Here’s how to upgrade Chrome after Google patches, a high-risk problem that hackers are actively exploiting. With the latest Chrome release, Google has patched 11 high-risk vulnerabilities. External researchers discovered eight of them. In the wild, one of these is being actively exploited.
Google has begun rolling out a new version of Chrome for Windows, macOS, and Linux devices, and all users are recommended to upgrade Chrome. The emergency update includes a vital remedy for a newly discovered high-risk zero-day vulnerability that affects all Chrome browsers and is already being actively exploited.
Google revealed the update in a recent post, including a list of all the changes it includes. According to Google’s blog, Chrome’s stable channel for Windows, Mac, and Linux has been updated to 98.0.4758.102. According to the business, it will be given out to users over the next few days and weeks. In addition, Google will release a 98.0.4758.102 upgrade to the expanded stable channel for Windows and Mac.
The update delivers 11 crucial security fixes to Chrome, according to Google. It also includes contributions from outside cyber security researchers. Researchers from outside Chrome’s team discovered a total of eight flaws. All of the issues were judged to be critical and had a high CVE (Common Vulnerabilities and Exposures) score on Google’s scale, ranging from CVE-2022-0603 to 0610.
Google also confirmed in its blog that a CVE-2022-0609 attack is in the wild, implying that cyber attackers are constantly exploiting the security flaw online to get access to systems. Chrome users are encouraged to upgrade Chrome as soon as the updated version becomes available.
This is another reason that Google has withheld information about the defect and its fix for the time being. It has kept access to issue data and links “limited until a majority of users are updated with a remedy,” according to its blog. It also adds that “if the defect exists in a third-party library that other projects similarly rely on but haven’t yet resolved,” it will “retain restrictions.”

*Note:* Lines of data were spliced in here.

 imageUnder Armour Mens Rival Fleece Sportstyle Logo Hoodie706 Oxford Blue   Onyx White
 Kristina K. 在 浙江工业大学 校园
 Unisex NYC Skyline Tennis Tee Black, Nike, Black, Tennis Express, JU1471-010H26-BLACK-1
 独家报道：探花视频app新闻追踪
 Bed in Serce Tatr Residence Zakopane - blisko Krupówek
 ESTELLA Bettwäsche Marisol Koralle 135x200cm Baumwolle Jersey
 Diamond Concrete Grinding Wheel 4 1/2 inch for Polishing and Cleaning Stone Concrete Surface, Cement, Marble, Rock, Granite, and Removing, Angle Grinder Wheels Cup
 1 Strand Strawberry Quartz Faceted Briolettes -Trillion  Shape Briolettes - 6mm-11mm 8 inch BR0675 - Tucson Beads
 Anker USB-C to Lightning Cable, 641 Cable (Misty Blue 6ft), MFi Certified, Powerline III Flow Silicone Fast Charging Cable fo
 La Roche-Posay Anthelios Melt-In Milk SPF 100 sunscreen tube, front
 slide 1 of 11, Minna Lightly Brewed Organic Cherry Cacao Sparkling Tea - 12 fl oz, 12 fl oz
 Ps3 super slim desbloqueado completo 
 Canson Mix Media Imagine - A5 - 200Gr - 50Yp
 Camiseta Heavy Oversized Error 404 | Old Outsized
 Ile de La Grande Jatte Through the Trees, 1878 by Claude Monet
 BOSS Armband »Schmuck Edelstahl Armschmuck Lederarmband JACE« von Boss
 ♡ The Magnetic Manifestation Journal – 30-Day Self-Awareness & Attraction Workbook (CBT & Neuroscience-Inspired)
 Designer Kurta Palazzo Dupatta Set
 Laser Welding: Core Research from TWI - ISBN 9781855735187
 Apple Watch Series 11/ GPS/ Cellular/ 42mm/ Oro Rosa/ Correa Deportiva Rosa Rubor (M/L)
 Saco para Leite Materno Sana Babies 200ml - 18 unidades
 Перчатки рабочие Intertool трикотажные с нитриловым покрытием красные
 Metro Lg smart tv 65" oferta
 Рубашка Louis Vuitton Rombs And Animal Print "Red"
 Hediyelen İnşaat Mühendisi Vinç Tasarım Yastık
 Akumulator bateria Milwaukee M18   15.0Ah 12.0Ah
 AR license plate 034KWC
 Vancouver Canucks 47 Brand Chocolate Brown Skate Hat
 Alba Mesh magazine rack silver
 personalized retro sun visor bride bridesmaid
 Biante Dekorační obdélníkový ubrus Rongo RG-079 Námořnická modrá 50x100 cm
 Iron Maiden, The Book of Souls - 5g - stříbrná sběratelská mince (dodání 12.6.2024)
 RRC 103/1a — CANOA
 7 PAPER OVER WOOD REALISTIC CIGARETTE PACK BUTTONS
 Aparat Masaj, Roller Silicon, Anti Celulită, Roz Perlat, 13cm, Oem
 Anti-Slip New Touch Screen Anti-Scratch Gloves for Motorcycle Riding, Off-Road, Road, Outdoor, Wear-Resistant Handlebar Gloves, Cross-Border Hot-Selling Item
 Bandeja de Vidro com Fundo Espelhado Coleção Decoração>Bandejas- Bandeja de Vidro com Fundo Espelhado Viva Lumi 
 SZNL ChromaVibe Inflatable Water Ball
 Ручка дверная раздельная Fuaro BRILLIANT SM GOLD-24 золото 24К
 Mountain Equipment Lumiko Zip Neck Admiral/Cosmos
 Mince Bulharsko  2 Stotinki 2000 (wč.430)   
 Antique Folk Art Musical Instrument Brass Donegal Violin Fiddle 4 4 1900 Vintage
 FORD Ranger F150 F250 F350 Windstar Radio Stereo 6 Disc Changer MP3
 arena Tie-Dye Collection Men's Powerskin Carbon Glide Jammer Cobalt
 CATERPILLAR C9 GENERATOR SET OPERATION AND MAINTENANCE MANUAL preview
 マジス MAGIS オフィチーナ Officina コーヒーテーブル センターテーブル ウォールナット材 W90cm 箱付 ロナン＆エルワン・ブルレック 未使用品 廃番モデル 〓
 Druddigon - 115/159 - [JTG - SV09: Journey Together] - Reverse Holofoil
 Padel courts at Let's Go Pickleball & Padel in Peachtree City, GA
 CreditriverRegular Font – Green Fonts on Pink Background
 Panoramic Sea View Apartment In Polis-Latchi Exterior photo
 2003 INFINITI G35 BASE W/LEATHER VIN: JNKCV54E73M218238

CVE-2022-0609 appears to be a Use-After-Free (UAF) vulnerability, as do most of the other problems corrected in the update. This security flaw is caused by erroneous dynamic memory allocation during program execution. A hacker can utilize the pointer to execute its command set within the newly vacant region if the memory location is cleared, but the pointer to it remains.
To upgrade Chrome, users can check for new updates by selecting “Settings” from the three-dot drop-down menu in the top-right corner of their browser. They may see their Chrome version in the About Chrome area of the Settings page and update it to the most recent version available.